Assessment of Evaluation in Information Retrieval - Tefko Saracevic Historical Approach to IR Evaluation.

Saracevic's Definition of Evaluation is surveying execution or estimation of a framework, handle, technique, item, or arrangement.

Evaluation Requirements A framework A model A standard or criteria Objectives of framework Measures Recall and accuracy A measuring instrument Judgments by examiners/clients Methodology Procedures, i.e.. for TREC

Levels of Evaluation Engineering level Hardware and Software. Input level Contents of framework –coverage. Preparing level Questions in regards to the way sources of info are handled: evaluation of calculations, strategies and methodologies.

Levels of Evaluation cont. Yield level Interactions with the framework and acquired yield. Utilize and client level Applications utilized for given errands. Social level Effects on research, profitability and basic leadership. Eco-productive level Economic effectiveness inquiries to be resolved at each level of investigation.

Two more classes of assessment. End client execution and utilize Meyer & Ruiz, 1990; others condensed in Dalrymple & Roderer, 1994. Markets, items, and administrations from data industry. Rapp et al., 1990. These assessments show up frequently in exchange magazines, for example, Online, Online Review, Searcher, and so on .

Output and client and Use level assessments Fenichel (1981) Borgman (1989) Saracevic, Kantor, Chamis &Trivison (1990) Haynes et al. (1990) Fidel (1991) Spink (1995)

Processing level: Approaches "Toy Collections" Cranfeld (Cleverdon, Mills & Keens, 1966) SMART (Salton 1971, 1989) TREC (Harmon, 1995)

Studies directed on the social level: Evaluating effect of IR territory particular frameworks. Effect of MEDLINE on clinical basic leadership (Lindberg et al., 1993)

Criteria in IR Evaluation Relevance as center criteria, Kent et. al. 1955. criteria, for example, utility and hunt length did not stick. Cranfeld, SMART, TREC – all rotated around the marvel of pertinence. Keeping assessment out of designing level by ramifications of utilization. Importance is an intricate human process – not of a double sort. Reliant on conditions

Output and User and Use level assessments Employ a variety of criteria. identified with utility, achievement, culmination, worth, fulfillment, esteem, productivity, cost and so forth . . More accentuation on connection.

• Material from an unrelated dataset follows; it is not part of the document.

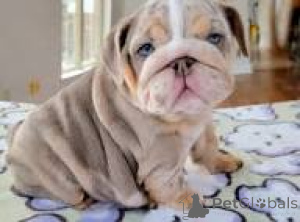 Photo №2 to announcement № 165599 for the sale of english bulldog - buy in Netherlands private announcement, breeder
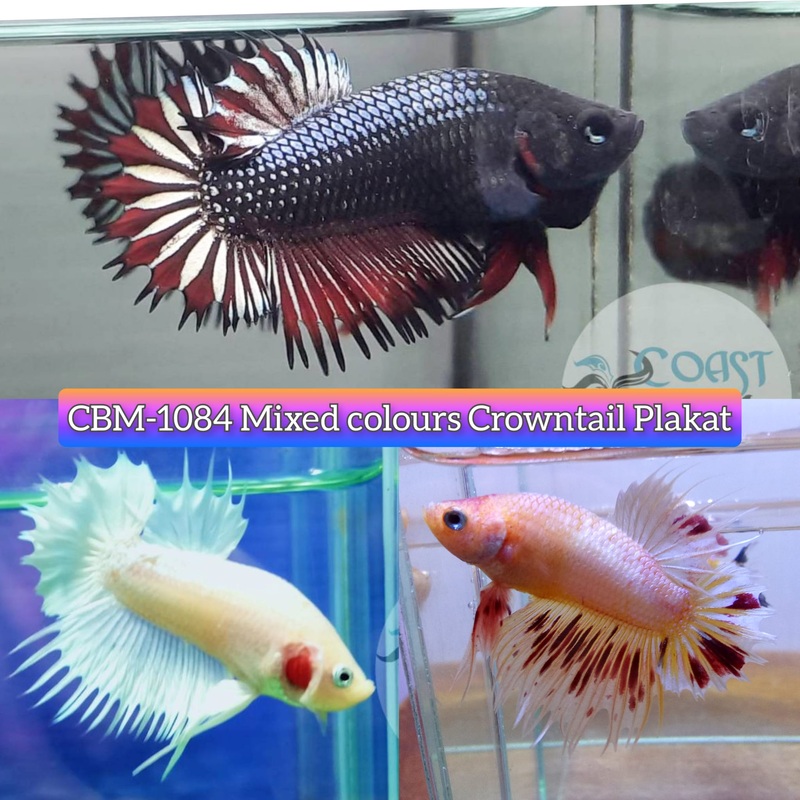 FANCY MIXED COLOR CROWNTAIL PLAKAT MALE BETTA (CBM-1084)** Our Choice BUY 4 GET 1 FREE MIX & MATCH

Market, Business, Industry Evaluations Similar to client utilize level TQM: Total Quality Movement Cost-adequacy Debate over importance is disengaged in IR.

Isolation of studies inside levels of beginning. Calculations Users and Uses Market items/administrations Social Impacts

Process level measures of assessment Precision Ratio of significant things recovered to add up to recovered things or, likelihood that a recovered thing is applicable. Review Ratio of applicable things recovered to all accessible important things in a specific record or, the likelihood given that a thing recovered will be pertinent.

Measures: User Use level. Semantic differentials Likert scales Which measures to utilize? How do measures think about? How would they impact the outcomes? It's obvious, Su, 1992

Measuring Instruments Mainly, individuals, are the instruments that decide significance of recovered things. Who are the judges? What impacts their judgments? How would they impact the outcomes?

Methodological issues encompassing thoughts of legitimacy and unwavering quality. Accumulation – How are things chosen? Demands – How are they produced? Seeking – How is it led? Comes about - How are they acquired? Investigation – What examinations are made? Understanding/Generalization - What are the conclusions? It is safe to say that they are justified on premise of results? How generalizable are the discoveries?

Evaluation outside of customary IR, i.e. Computerized Libraries and the Internet. Assessment is restricted to programming and designing levels. Evaluated all alone level. Numerous applications are generally welcomed, in any case, on most yield, client and utilize levels these applications are observed to disappoint, flighty, inefficient, costly, minor questionable and difficult to utilize!

Don't through the child out with the shower water! Dervin and Nilan, 1986 Article Swung to the next end of the pendulum and called for paradigmatic move. From framework focused to client focused assessments. Both client and framework focused methodologies are required.

Keep it sensible! Conceivable arrangement: The mix of all levels of assessment for a complete "genuine to life" examination.